Unflat Pavilion/Feather-Weight House
By Nick Gelpi, Lecturer, Department of Architecture
May 7 – 8, 2011
Building 14 Lawn

A freestanding pavilion, created by flexing two dimensions into three, this house deploys a fabrication system used to create a membrane, which is simultaneously structural, functional and representational in a single act. Entirely constructed of laminated plywood, an open pattern is cut into flat plywood stock which transforms into three-dimensional architectural features as flat sheets are bent and unfurl into skylights, columns, buttresses, windows and vents, in the act of becoming unflat.
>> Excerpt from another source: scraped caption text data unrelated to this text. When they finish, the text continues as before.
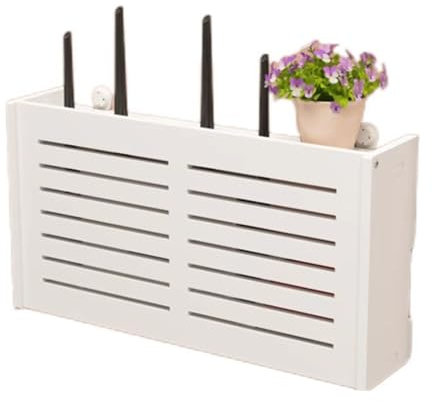 Wireless WiFi Router Aufbewahrungsbox Ohne Bohren Kabel Router Aufbewahrungsbox Regal Wandbehänge Halterung Kabel Organizer TV Set-Top Box Wandaufbewahrung Dekorative Box(Blinds,38 * 8.5 * 20cm)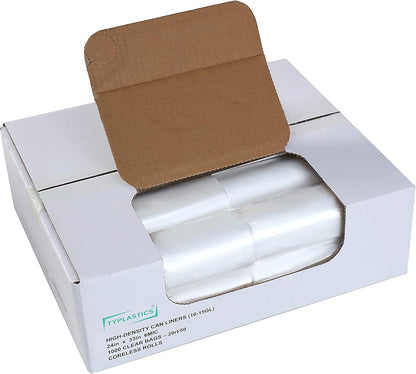 TYPLASTICS 40-45 Gallon Clear Trash Can Liners - 40" x 48" – High Density Garbage Bags - Case of 250 – Multipurpose for Office, Outdoor, Recycling, Industrial and Commercial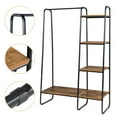 thumbnail image 4 of Metal Garment Rack, Freestanding Closet Storage Organizer with 5 Shelves and Hanging Bar, Open Wardrobe Rack for Hanging Clothes and Storage, Clothes Rack for Bedroom, Entryway, Black, 4 of 7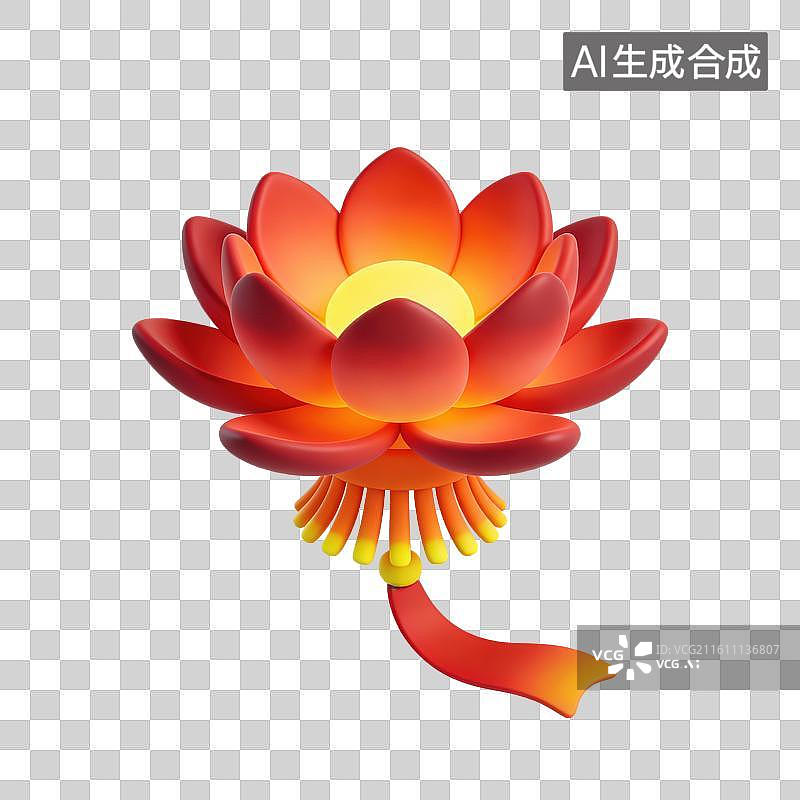 【AI数字艺术】3D立体中国风正月十五元宵节莲花灯元素图片素材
This project demonstrates an architectural role reversal across its surface. On one elevation, a soft skin is hung on a structural frame. On the other elevation, the skin becomes structural, lifting the frame from the ground, inverting the normative structural hierarchy in an act of tectonic confusion. The project uses a promising method of fabrication with flexures, as many hundreds of parts become discrete, yet remain continuously attached to the sheet, eliminating the need for fasteners.  This structure isn’t hard, heavy, bulletproof or monumental, it is modest, soft, cheap, low-tech and full of holes.

Inside the house, the walls appear porous and lightweight; its cavity illuminated with flexible LED strips attached to the interior of each sheet.

NICK GELPI

A Lecturer in the Department of Architecture, Nick Gelpi is interested not only in how architectural materials look, but also in how they behave. His work focuses mainly on materials, their relationship to scalar specificity and the noise produced at their intersection. He is concerned with scale’s relationship to architecture as a way of testing and engaging the world. In 2007 he received ARCHITECT magazine’s first annual R&D award; and in 2008-09, he was the Howard E. LeFevre Emerging Practitioner Fellow at The Ohio State University. In addition to teaching architectural design, he has worked with such firms as Architects, G TECTS, and Steven Holl Architects.